_Required action_
Among the records below, find the line that has "Electric Blue Hills Under Starry Sky"; from there, give the lines again exactly, and stop after the line that has "Valentines Day Balloon".

_Dataset records_
BEGIN

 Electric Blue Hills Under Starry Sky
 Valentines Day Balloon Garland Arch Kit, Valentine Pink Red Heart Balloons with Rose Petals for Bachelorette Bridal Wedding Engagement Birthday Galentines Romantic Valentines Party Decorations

END
BEGIN

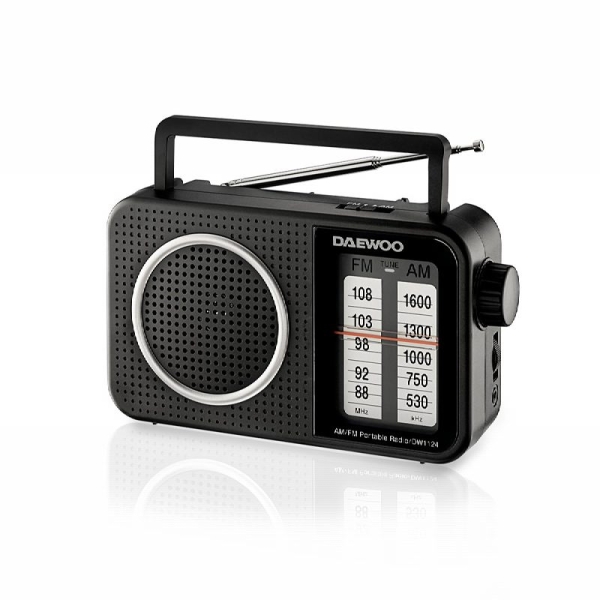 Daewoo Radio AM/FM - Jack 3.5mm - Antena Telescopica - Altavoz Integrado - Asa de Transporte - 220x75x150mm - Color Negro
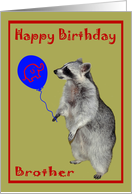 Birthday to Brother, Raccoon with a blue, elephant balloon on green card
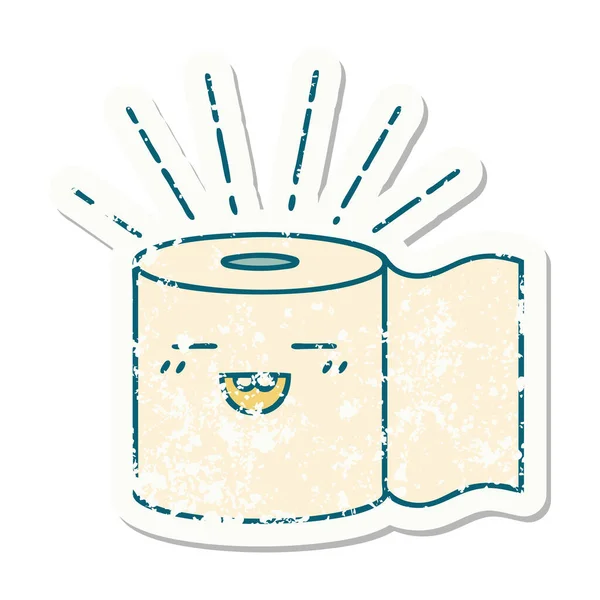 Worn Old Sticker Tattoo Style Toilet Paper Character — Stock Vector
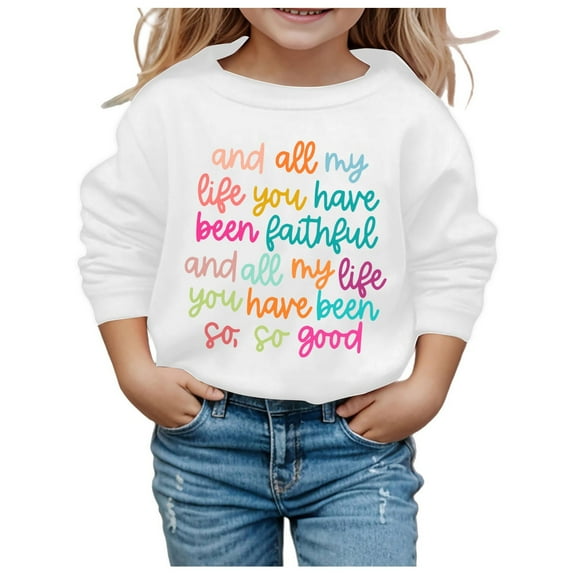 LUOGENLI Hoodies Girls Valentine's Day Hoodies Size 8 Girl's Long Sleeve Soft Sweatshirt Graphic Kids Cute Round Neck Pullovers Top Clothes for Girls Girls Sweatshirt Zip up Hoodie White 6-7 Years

END

_Solution for this problem_
 Electric Blue Hills Under Starry Sky
 Valentines Day Balloon Garland Arch Kit, Valentine Pink Red Heart Balloons with Rose Petals for Bachelorette Bridal Wedding Engagement Birthday Galentines Romantic Valentines Party Decorations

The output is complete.